Adventures in Collapse OS
I like Forth. Although Forth is a stack-base, reverse-polish-notation system with many peculiar shenanigans, I can’t help myself; I love and hate it at the same time. This might be related to me liking old HP calculators.
A while ago I discovered Collapse OS, a minimal Forth-based, multi-arch “operating” system able to bootstrap itself. Means, once you have Collapse OS running on one architecture, such as Intel 8086, you can crosscompile against another architecture, such as Z80 or 6502, inside Collapse OS itself. How wonderful!

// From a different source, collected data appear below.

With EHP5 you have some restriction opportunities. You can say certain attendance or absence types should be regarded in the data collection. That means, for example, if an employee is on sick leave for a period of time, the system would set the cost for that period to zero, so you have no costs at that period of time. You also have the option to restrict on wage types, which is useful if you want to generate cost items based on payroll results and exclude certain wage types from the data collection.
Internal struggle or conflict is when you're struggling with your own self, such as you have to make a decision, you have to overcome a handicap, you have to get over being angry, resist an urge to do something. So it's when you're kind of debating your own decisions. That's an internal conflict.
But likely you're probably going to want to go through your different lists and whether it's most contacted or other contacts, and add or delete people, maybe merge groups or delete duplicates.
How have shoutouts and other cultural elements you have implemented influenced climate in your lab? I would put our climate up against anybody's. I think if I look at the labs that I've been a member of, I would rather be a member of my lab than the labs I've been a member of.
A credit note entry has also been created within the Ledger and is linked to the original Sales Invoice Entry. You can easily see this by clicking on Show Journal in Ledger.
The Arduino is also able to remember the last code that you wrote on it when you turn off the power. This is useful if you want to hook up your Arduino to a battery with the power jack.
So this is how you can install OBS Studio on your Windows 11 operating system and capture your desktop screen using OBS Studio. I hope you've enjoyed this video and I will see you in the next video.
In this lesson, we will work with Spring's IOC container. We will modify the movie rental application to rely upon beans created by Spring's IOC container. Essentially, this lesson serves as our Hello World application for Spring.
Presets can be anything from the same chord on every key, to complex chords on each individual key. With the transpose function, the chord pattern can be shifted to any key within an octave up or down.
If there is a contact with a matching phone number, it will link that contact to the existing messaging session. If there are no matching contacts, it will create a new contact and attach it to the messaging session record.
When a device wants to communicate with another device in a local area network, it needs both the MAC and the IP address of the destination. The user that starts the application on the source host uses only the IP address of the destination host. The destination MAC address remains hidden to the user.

As a Forth enthusiast, I grabbed the latest package, build it, and dropped
directly in the emulator console, provided by cvm/cos-serial
, a binary
running in native code.
$ cd cvm
$ ./cos-serial
Using blkfs blkfs
Collapse OS ok
42 foo !
foo word not found ok
create foo
create word not found ok
CREATE foo
ok
42 foo !
ok
foo @ .
42 ok
foo @ 23 + .
65 ok
OK, cells need to be explicitly created and the CREATE
word is in uppercase.
S" Hello Collapse OS" TYPE
TYPE word not found ok
S" Hello Collapse OS"
ok
.S
SP 00 RS 04 -- ok
." Hello"
ok
.
25816stack underflow ok
Hm. What’s going on here? I would’ve expected that string to be printed to the
console. I am confused. Let’s check doc/dict.txt
.
See doc/usage for the concepts of strings and lines.

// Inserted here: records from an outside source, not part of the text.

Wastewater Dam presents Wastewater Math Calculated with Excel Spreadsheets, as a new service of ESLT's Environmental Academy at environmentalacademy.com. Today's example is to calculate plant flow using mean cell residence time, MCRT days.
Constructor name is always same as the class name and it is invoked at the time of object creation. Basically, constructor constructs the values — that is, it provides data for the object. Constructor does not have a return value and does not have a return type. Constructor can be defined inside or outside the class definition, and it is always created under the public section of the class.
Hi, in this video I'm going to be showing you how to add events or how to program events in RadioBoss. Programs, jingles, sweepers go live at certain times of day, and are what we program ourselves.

Alright… Checked it, but nothing of substance. Let me try something.
: test ." Hello" ;
ok
test
Hello ok
Wut? OK, another oddity. I can wrap around that. But very strange.
OK, let’s try a loop…
: test 10 0 DO I . LOOP ;
DO word not found ok
…? OK, let’s look at the docs again.
Loops work a bit like conditionals, and there’s 3 forms:
BEGIN..AGAIN –> Loop forever BEGIN..UNTIL –> Loop conditionally X >R BEGIN..NEXT –> Loop X times
Oh my, this looks like I need cook up everything on my own. Let’s try something else.
0 VALUE I
ok
: loopi BEGIN I . I 1 + TO I I 10 = UNTIL ;
ok
loopi
0123456789 ok
That’s like back in Programming 101 :-)
But now for something else; as a hobby-astronomer I need access to the clock of the OS and preferably floating point numbers. Both don’t exist in Collapse OS.
As of the RTC, I do understand that this is neither really portable and that probably none of the implemented target architectures actually have a RTC.
Wrt to floating point, I can work around by using fixed point arithmetic, but
here I’m restricted by the wordsize of 16 bit; yes, I could mangle together
multiple words to get a better precision, but I found that I can’t recognize
an overflow and that I can’t read out the carry bit from FLAGS (in 8086).
Looking at the CHANGES
file, I found this note:
- 8086A: add ADC.
- 8086A: add []i form to ADD ADC SUB CMP.
OK, now I have to figure out how I can make use of it, I probably have to
fiddle around with custom assembler using the CODE
word.
OK, I’m gonna explore a little more!